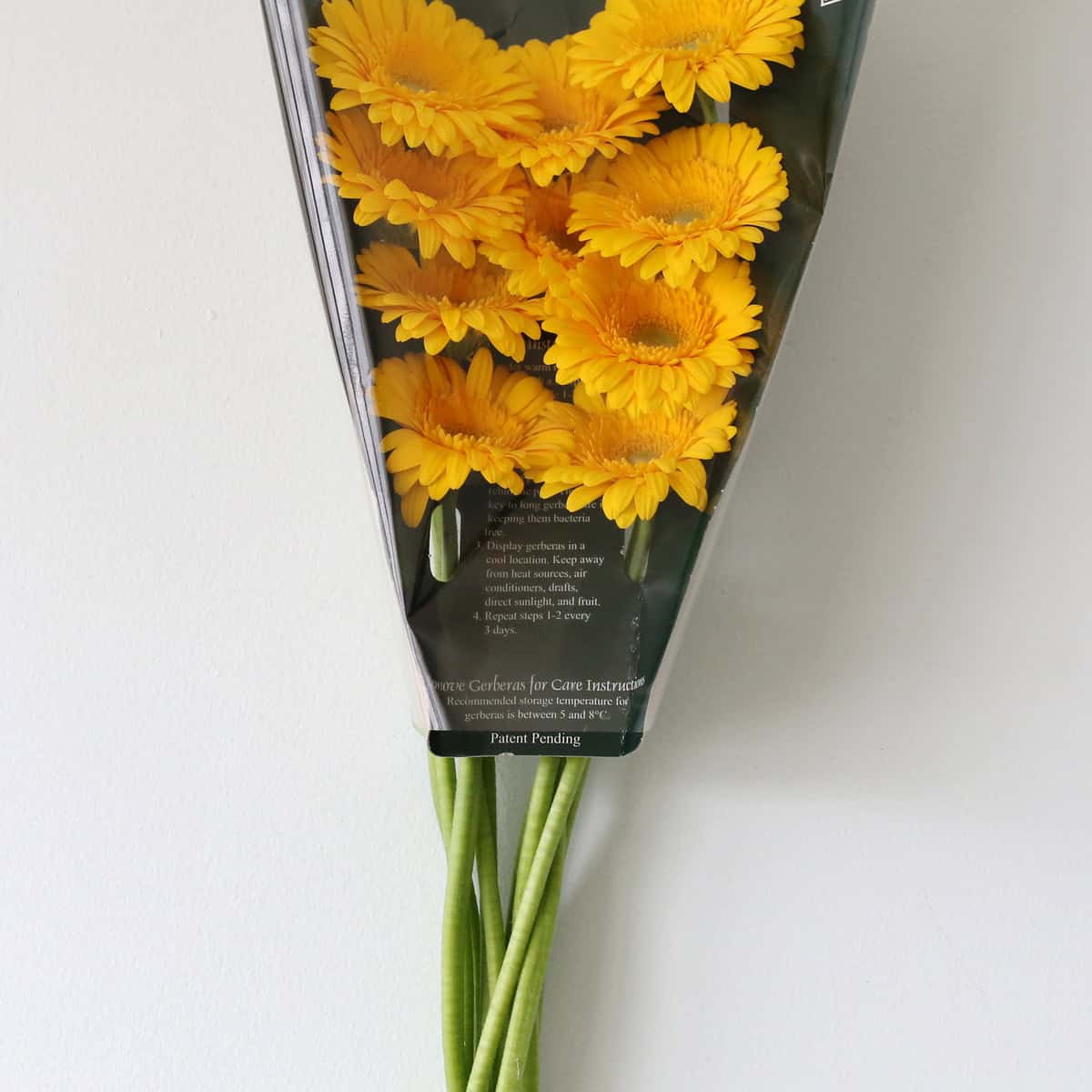 Mini Gerbera Astron bunch in protective packaging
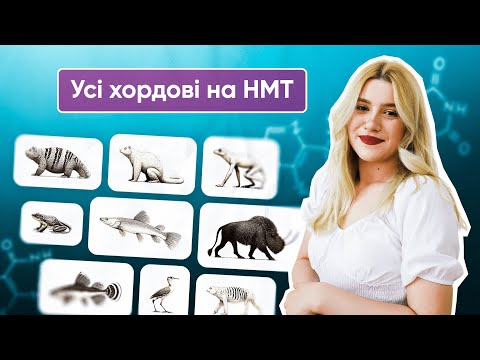 Видео: УСІ ХОРДОВІ НА НМТ  | ONLY SCHOOL  #нмт2025 #біологія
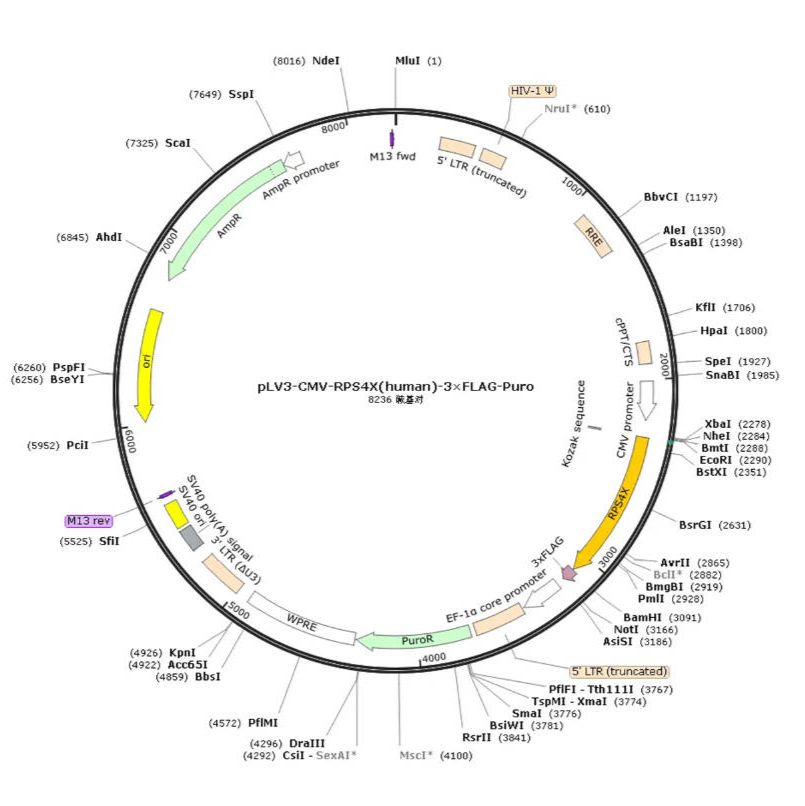 pLV3-CMV-RPS4X(human)-3×FLAG-Puro载体/pLV3-CMV-RPS4X(human)-3×FLAG-Puro质粒图谱/pLV3-CMV-RPS4X(human)-3×FLAG-Puro质粒序列产品图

* * *

__Prompt__.
I need the lines from the line holding "Видео: УСІ ХОРДОВІ" through the end of the material, inclusive, restated word for word and without pictures.

__Output of the exercise__.
 Видео: УСІ ХОРДОВІ НА НМТ  | ONLY SCHOOL  #нмт2025 #біологія
 pLV3-CMV-RPS4X(human)-3×FLAG-Puro载体/pLV3-CMV-RPS4X(human)-3×FLAG-Puro质粒图谱/pLV3-CMV-RPS4X(human)-3×FLAG-Puro质粒序列产品图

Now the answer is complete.